Thank you for the videos you offered. I have a question about a program you used as a black board when you teaching. what is the program name?
Hi, Thank you for the informative video. When you made the assumption where +ve, -ve & 0 seq impedance to be the same, does that mean that the generator & the transformer are assumed to be solidly grounded star windings only?
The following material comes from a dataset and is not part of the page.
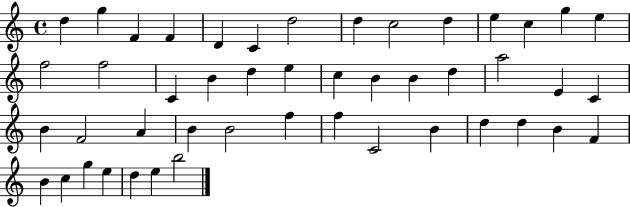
D5/q G5/q F4/q F4/q D4/q C4/q D5/h D5/q C5/h D5/q E5/q C5/q G5/q E5/q F5/h F5/h C4/q B4/q D5/q E5/q C5/q B4/q B4/q D5/q A5/h E4/q C4/q B4/q F4/h A4/q B4/q B4/h F5/q F5/q C4/h B4/q D5/q D5/q B4/q F4/q B4/q C5/q G5/q E5/q D5/q E5/q B5/h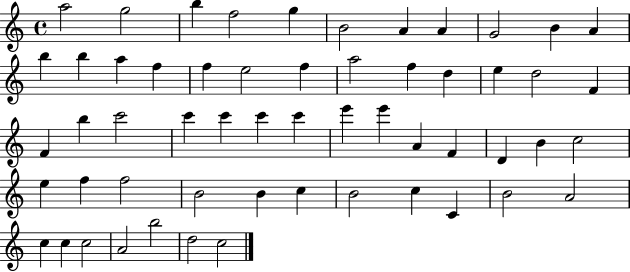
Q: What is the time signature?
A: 4/4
Thank you for all your videos. Just one question, is there any explaination to why Kilo and Mega are being used without any form of conversion, First was when calculating the Base impendance (Yes! just as a base, I could understand, cause it is just being used as a refference), but when calculating the short circuit impedance of the Generator, the voltage is in KV while the Apparent power is in Mva, here I would need a good reson to understand. Thank you in advance.
Kilo = 10^3 ; M = 10^6
Z(or)R = V^2/P ;
(10^3)^2/10^6 = 10^6/10^6 = 1
Voltage is in (Kilo) Volts; Power is in (Mega) Volt Amperes
V^2/P = (Volt)^2/(Volt*Amp) = volt/Amp = ohm
try this: (115*1000)^2V / (30*1000000) VA = 440.83 OHM
how did we get j0.10 pu, we nvr solved anything
Isn't it because pu is 10%?
Why Transformer P.U takes as 0.10. Why not 0.10/440.83 ??
Hi Farhan, the transformer was already provided in the question so there was no need to divide it with base value.
Hope you find it useful.
Best Regards,
GeneralPAC by AllumiaX
how p.u values for transformer taken as 0.1 i dont get it
never mind i got it.
Strange network; generator 115 kV nominal voltage and line at 13 kV.